Scalin v. Societe Nationale SNCF SA

Federal 7th Circuit Court
Civil Court
Foreign Sovereign Immunities Act
Citation
Case Number: 
No. 18-1887
Decision Date: 
August 6, 2021
Federal District: 
N.D. Ill., E. Div.
Holding: 
Affirmed

Dist. Ct. did not err in dismissing plaintiffs’ lawsuit, alleging that defendant played role in assisting Nazi regime during World War II in stealing possessions of individuals being sent to death camps. Dist.
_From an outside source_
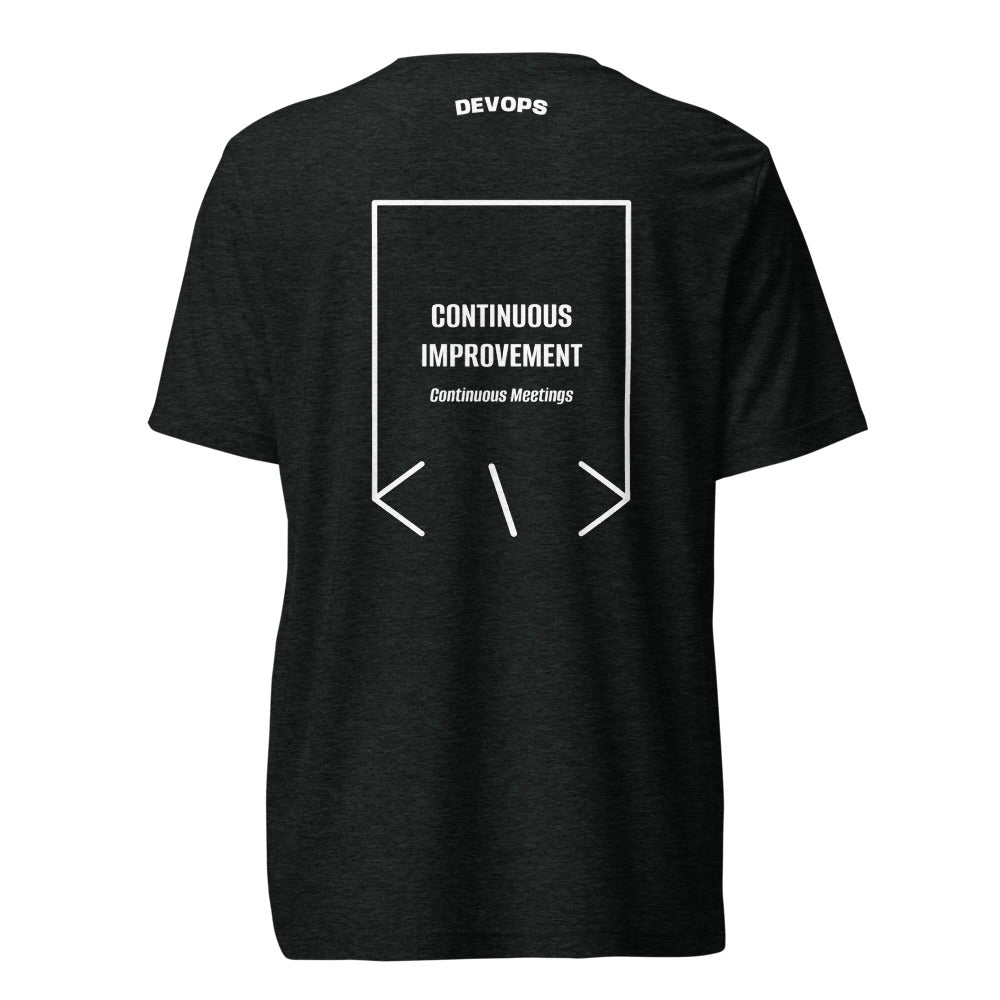 Continuous Improvement — Charcoal-Black Triblend Solid White Triblend back mockup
Ct. based dismissal on finding that comity-based abstention applied because plaintiffs should have filed instant lawsuit with French Administrative claims system, even though plaintiffs relied on expropriation exception to Foreign Sovereign Immunities Act (FSIA) to provide jurisdiction for instant lawsuit. However, Ct. of Appeals found that dismissal was proper in instant triple-foreign lawsuit, i.e., plaintiffs alleged that nationals of country other than U.S. were injured by foreign entity in foreign nation, since: (1) Supreme Ct. decision in Nestle USA, Inc., 141 S.Ct. 1931, found that Alien Tort Statute, 28 USC section 1350, does not provide remedy for triple-foreign event and does not apply where wrongful acts are unconnected to U.S. or its citizens; (2) plaintiffs could not base their substantive claims on expropriation exception to FSIA; and (3) plaintiff failed to identify any other basis for their substantive claims. Ct. further noted that had plaintiffs articulated legitimate basis for their substantive claims, then abstention doctrine would have been appropriate basis to dismiss plaintiffs’ claims.